Captioned web image data
===
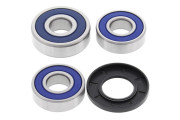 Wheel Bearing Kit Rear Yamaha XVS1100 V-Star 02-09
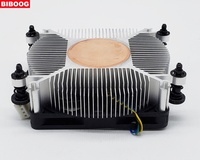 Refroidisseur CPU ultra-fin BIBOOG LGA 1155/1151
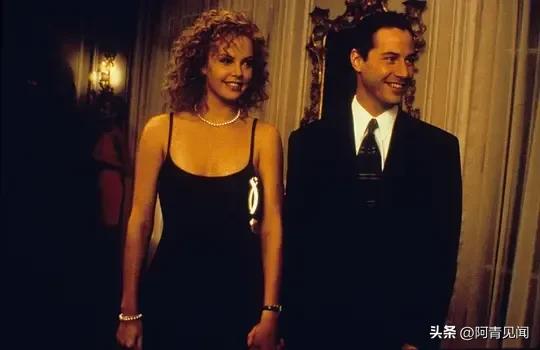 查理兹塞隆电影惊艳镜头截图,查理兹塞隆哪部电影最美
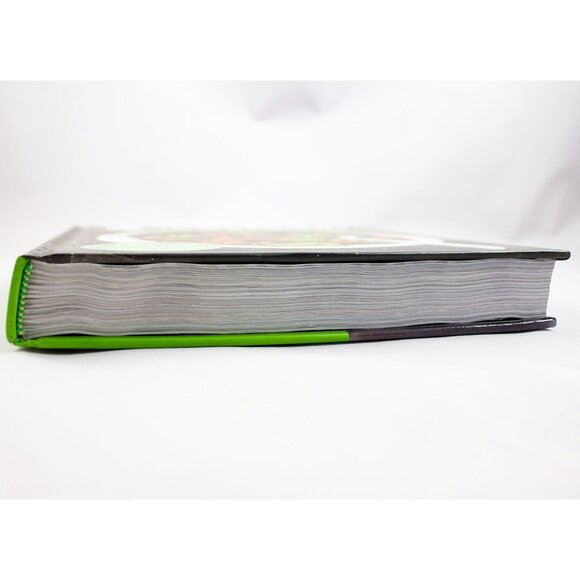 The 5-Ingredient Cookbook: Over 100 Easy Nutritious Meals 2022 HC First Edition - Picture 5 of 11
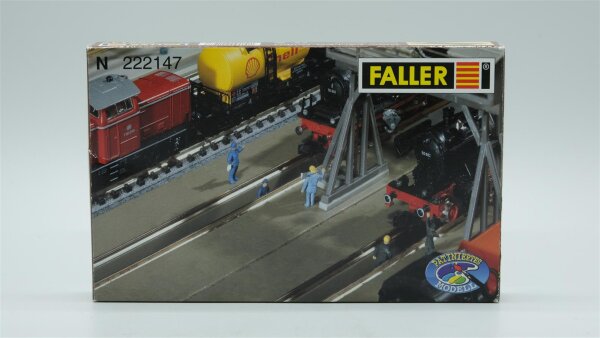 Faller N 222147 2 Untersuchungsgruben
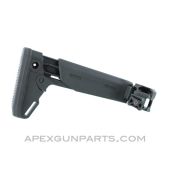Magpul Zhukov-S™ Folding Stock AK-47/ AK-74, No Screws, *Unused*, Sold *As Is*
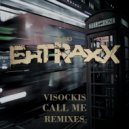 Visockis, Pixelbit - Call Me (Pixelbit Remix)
===
What you will do >> Give back exactly the lines from the one that contains "Magpul Zhukov-S™ Folding" to the final line of the data above, both included, with all pictures removed.

Expected answer >>
Magpul Zhukov-S™ Folding Stock AK-47/ AK-74, No Screws, *Unused*, Sold *As Is*
 Visockis, Pixelbit - Call Me (Pixelbit Remix)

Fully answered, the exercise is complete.